NDVI data from 2014 onwards can be downloaded from Copernicus Global Land Service (CGLS, https://land.copernicus.eu/global/products/ndvi). The data are available at 300m or 1km resolution every two weeks. Older NDVI data for 1985-2015 are available as product of NOAA Global Inventory Monitoring and Modeling System (GIMMS) from the Big Earth Data Platform, with 8km resolution and images every two weeks.

I will not go into detail of how to download the NDVI data. The data are typically stored in NetCDF format which can also be read into R. I have already downloaded 1km NDVI data from the CGLS database for two time slices (01/12/2019 and 01/06/2020) and extracted the data for Germany. Course participants can download the raster stacks from moodle (please put it into your data folder).

# Read in raster stack
ndvi <- stack('data/NDVI_1km_DE.grd')

# plot NDVI layers
plot(ndvi)

Exercise:

  • Plot the difference in summer and winter NDVI values. Where do we observe largest difference in greenness between summer and winter?
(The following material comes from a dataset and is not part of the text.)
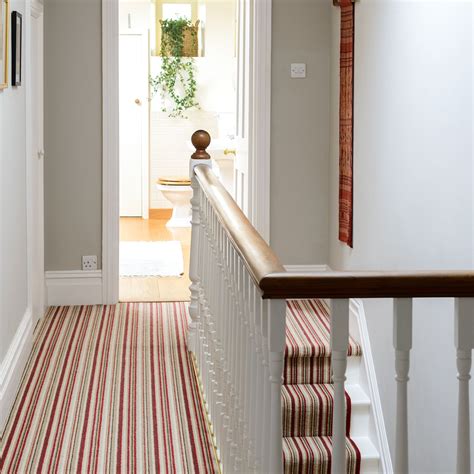 How to paint skirting boards with carpet in 5 easy steps | Ideal Home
Interpret.

References

Buchhorn, Marcel, Myroslava Lesiv, Nandin-Erdene Tsendbazar, Martin Herold, Luc Bertels, and Bruno Smets. 2020. “Copernicus Global Land Cover Layerscollection 2.” Remote Sensing 12 (6): 1044. https://doi.org/10.3390/rs12061044.
Buchhorn, Marcel, Bruno Smets, Luc Bertels, Bert De Roo, Myroslava Lesiv, Nandin-Erdene Tsendbazar, Martin Herold, and Steffen Fritz. 2020. “Copernicus Global Land Service: Land Cover 100m: Collection 3: Epoch 2019: Globe.” Zenodo. https://doi.org/10.5281/ZENODO.3939050.
Karger, D. N., O. Conrad, J. Boehner, T. Kawohl, H. Kreft, R. Wilber Soria-Auza, N. E. Zimmermann, H. P. Linder, and M. Kessler. 2017. “Climatologies at High Resolution for the Earth’s Land Surface Areas.” Scientific Data 4 (September): 170122.